Internisten fordern mehr Wettbewerb bei den Krankenkassen

Viele Krankenkassen wollen ihren Versicherten auch 2014 Beiträge zurückzahlen. Dem Berufsverband Deutscher Internisten geht das nicht weit genug: Er fordert die Abschaffung des Einheitsbetrages und mehr Abwechslung beim Leistungskatalog

Der Wettbewerb unter den gesetzlichen Krankenkassen nimmt zu. Viele Versicherte erhalten einen Teil ihrer Beitragszahlungen zurück. (Foto: Flickr/DirkVorderstraße/CC BY 2.0)

Der Wettbewerb unter den gesetzlichen Krankenkassen nimmt zu. Viele Versicherte erhalten einen Teil ihrer Beitragszahlungen zurück. (Foto: Flickr/DirkVorderstraße/CC BY 2.0)

Die Konten der Krankenkassen sind prall gefüllt. Viele der gesetzlichen Krankenversicherungen (GKV) werden ihren Mitgliedern auch für 2014 einen Teil ihrer Beiträge zurückzahlen. Die Techniker Krankenkasse (TK) zahlt bis zu 80 Euro – und das auch schon für 2013. Der Treuebonus soll die Kundenzufriedenheit steigern und die Mitglieder weiter an die Kassen binden.

Maximal erhalten Versicherte also 160 Euro für beide Jahre. Der Bonus kann aber auch deutlich geringer ausfallen. Mitglieder, die noch nicht über den gesamten Zeitraum bei der TK versichert sind, erhalten einen anteiligen Bonus. Wer an einem der beiden Stichtage (1. Dezember und 1. Januar) Mitglied ist und seine Beiträge selbst zahlt, hat Anspruch auf den Bonus.

Einige Betriebskrankenkassen zahlen sogar noch mehr. Die BKK Scheufelen zahlt bis zu 125 Euro pro Jahr.

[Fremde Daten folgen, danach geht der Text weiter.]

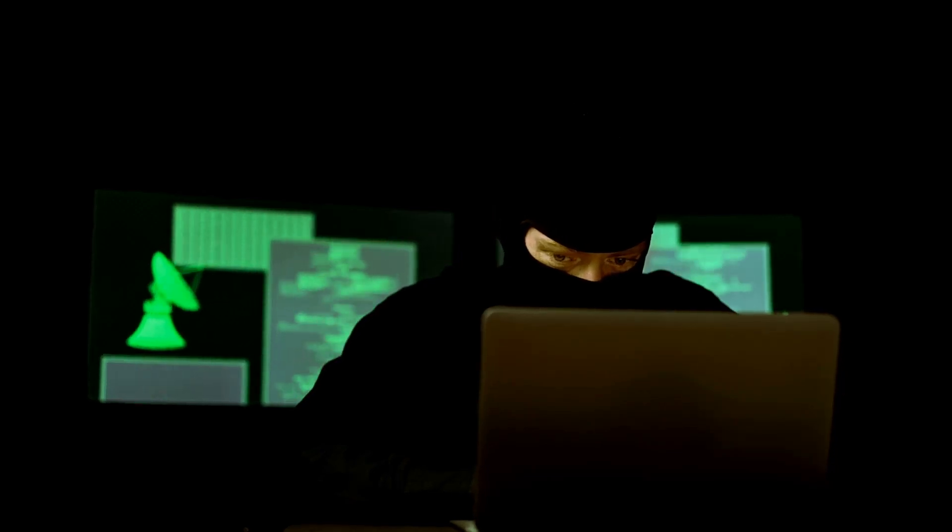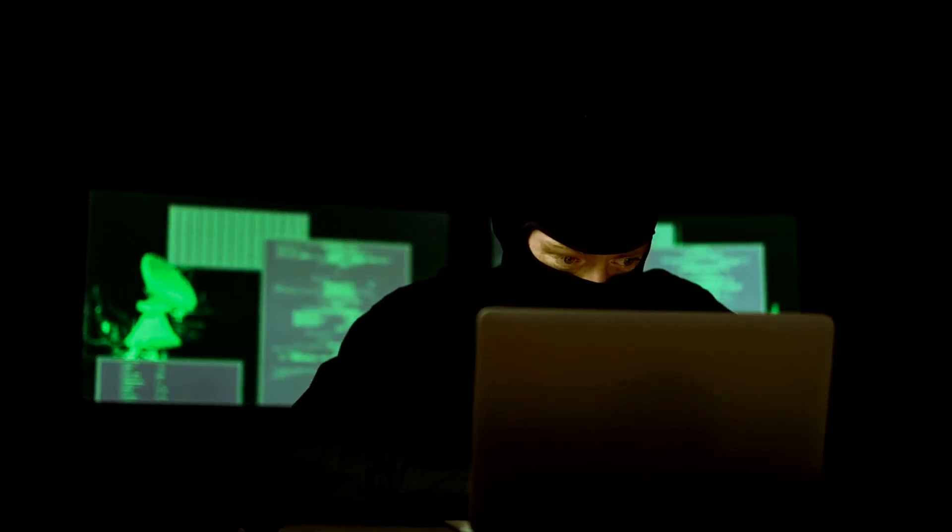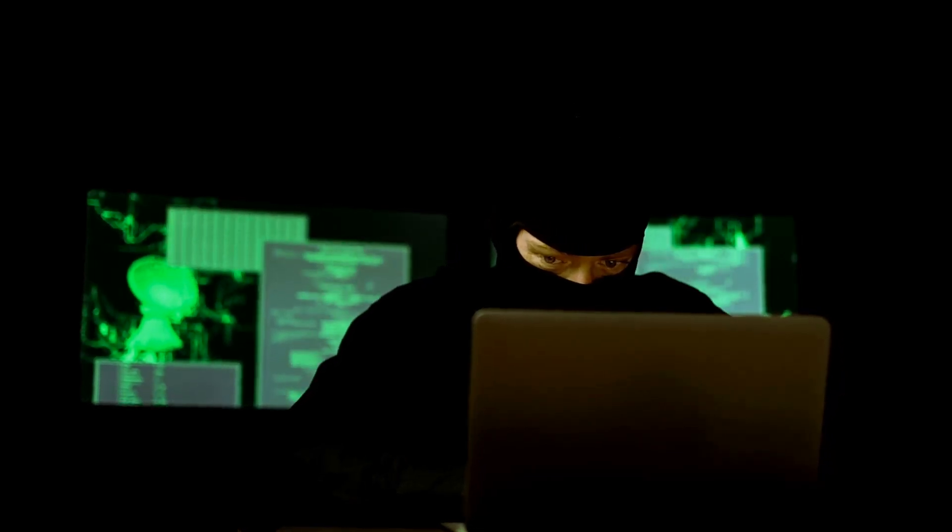Have you ever wondered what really goes on in the darkest corners of the internet? I'm talking about the dark web, that hidden layer of the web you can't find with Google.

Versicherte der HKK erhalten 100 Euro für 2014.

Die Kassen können sich die Auszahlung der Beiträge leisten, weil sie im Gesundheitsfonds einen Überschuss von etwa 29 Milliarden Euro angehäuft haben. Der Beitrag für die gesetzlichen Krankenkassen ist an den Lohn gekoppelt. Bei steigenden Löhnen und niedriger Arbeitslosigkeit steigen auch die Einnahmen der Krankenkassen.

Auf der Kostenseite konnten viele Kassen eine Senkung der Beiträge erreichen, die sie an Pharmahersteller und Krankenhäuser zu zahlen haben, berichtet die Welt.

Bei fast jeder zweiten Krankenkasse besteht allerdings Manipulationsverdacht. Die Kassen erhalten unterschiedlich hohe Beiträge aus dem Gesundheitsfonds – je nachdem, welche Krankheiten sie melden. Bei manchen Versicherern nahmen die Meldungen von Herzkrankheiten in den vergangenen Jahren ungewöhnlich stark zu (siehe Analyse).

Die Manipulationen und die teilweise Rückerstattung der Mitgliederbeiträge sind Anzeichen dafür, dass der Wettbewerb bei den GKV zugenommen hat.

Dem Berufsverband Deutscher Internisten (BDI) geht das aber noch nicht weit genug. Der Einheitsbeitrag müsse „im Interesse eines finanziellen Wettbewerbs“ aufgehoben werden, fordert BDI-Chef Wolfgang Wesiack. Notfalls müsse dafür sogar der Gesundheitsfonds abgeschafft werden. Auch der GKV-Spitzenverband als gemeinsame Institution sei „überflüssig“.

Damit jede Kasse ihren eigenen Beitrag festsetzen könne, seien zunächst tiefgreifende Reformen notwendig, die von der nächsten Bundesregierung in Angriff genommen werden müssten. Danach sei jedoch über den Grundleistungskatalog der Krankenkassen hinaus „viel Platz für einen Wettbewerb medizinisch sinnvoller Zusatzleistungen“, so Wesiack.

„Neben der Öffnung für den Wettbewerb ist es auch sinnvoll, den Krankenkassen zu überlassen, welche Organisationsstruktur sie sich geben wollen. Es darf nicht nur Körperschaften des Öffentlichen Rechts geben, auch Unternehmensstrukturen sollten erlaubt sein“, sagte der BDI-Chef in einem Interview mit der Ärztezeitung.

Drastische Reformen sind jedoch auch nach der Bundestagswahl nicht zu erwarten. Dazu ist der Handlungsdruck auf die Regierung beim Thema Krankenkassen nicht hoch genug.